Ram answered slowly, “Look… up there.”

I lowered myself in the seat to get a better view. Was it Superman or better yet, the Abominable Snowman? My curiosity followed Ram’s long, pointed finger.

“They have lived in the side of the Himalayas for centuries,” he added, as I grappled to remember if Hilton had included this image in Lost Horizons.

Ram stopped the car and we got out. If you ever watched C.B. Demille’s The Ten Commandments (1956), you will remember the fabulous voice of Cedric Hardwick as Seti, the father of Ramses. Well, the driver Ram’s voice was reminiscent of Hardwick’s voice.

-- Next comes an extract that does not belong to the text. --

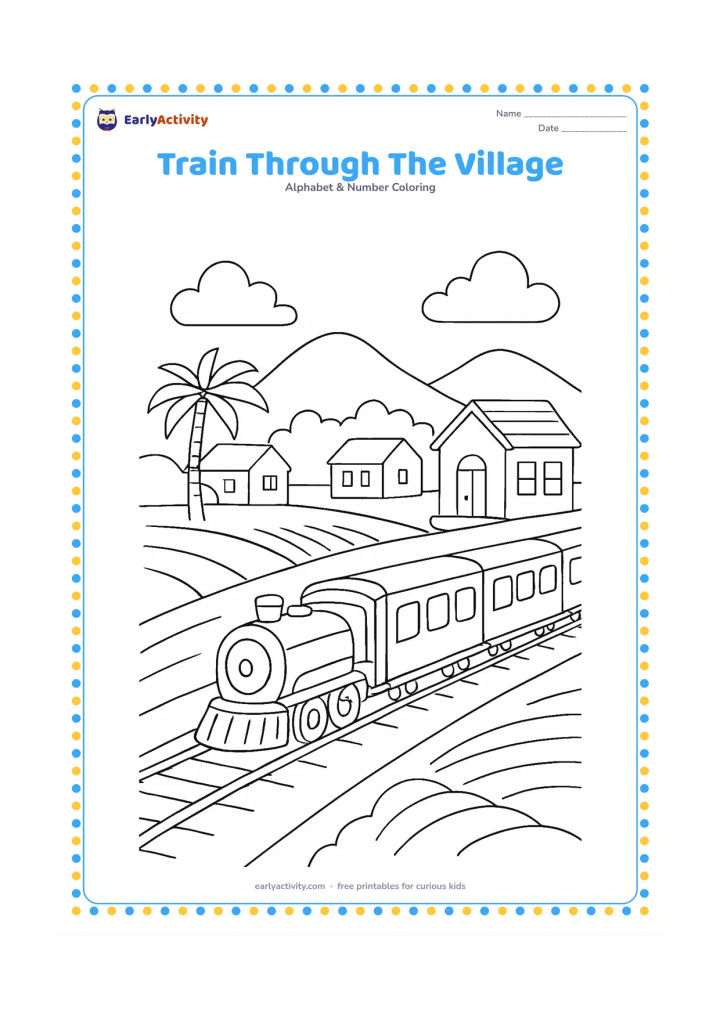 Colouring page: Draw a passenger train moving along tracks past a small village, with a station building, palm tree, fields, and distant hills. Show several carriages with blank windows and no signs.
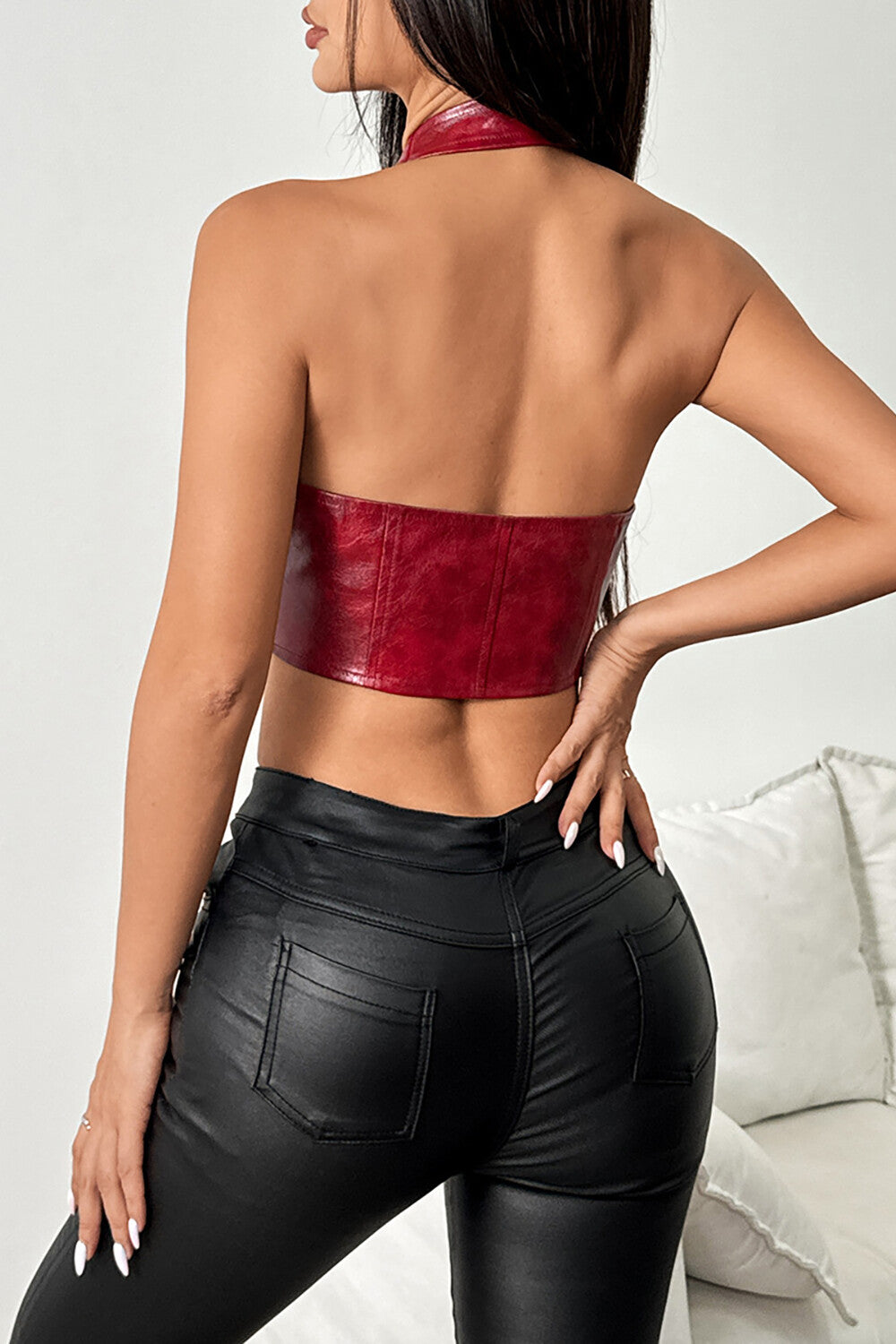 Front Lace Up Deep V Neck PU Leather Halter Crop Top Brown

The rows of wooden dwellings jutted out of the side of the mountain high above us. I said, “Who lives up there?”

After a long pause Ram said, “They are villagers.”

I almost laughed out loud, which would have been very inappropriate. I suppose no one had ever asked him before. Whoever they were, their abodes were an amazing site to witness.

We continued our journey in silence.

Once we got to the border Ram pointed that dagger long finger once again and said, “There is China.”

I wanted to say, “Where did you say China was?” but nobody likes a smartass (or someone who doesn’t know where China is).

We sat there for a few minutes, like at the zoo when you wait for the lions to appear from their dens. All the while the Chinese soldiers on duty gave us menacing gazes. I wasn’t here to steal state secrets or give report on the whereabouts of the Dalai Lama (yes, he originally resided in Tibet).

It must have been the altitude or perhaps thinking about FSO J.C. Barrows’s odd radio experience, but I suddenly felt giddy. Ram’s stoic glance in the rearview wiped the grin off my face.

Ram raised his watch to his eyes like the bus drivers at the State Department who ferried personnel over the Potomac to Rosslyn where government annexes resided. Before I had a chance to ask one of the Chinese guards if he had seen the Abominable Snowman, Ram rearranged himself in the driver’s seat and engaged the Tahoe’s transmission. We headed back to Tibet, I mean Nepal; you know, Kathmandu.

Kathmandu was breathtaking, but pretty much a mystery to me except for FSO J.C. Barrows who, by not communicating with his superiors, had violated that sacred saying by John Donne, “No man is an Island.”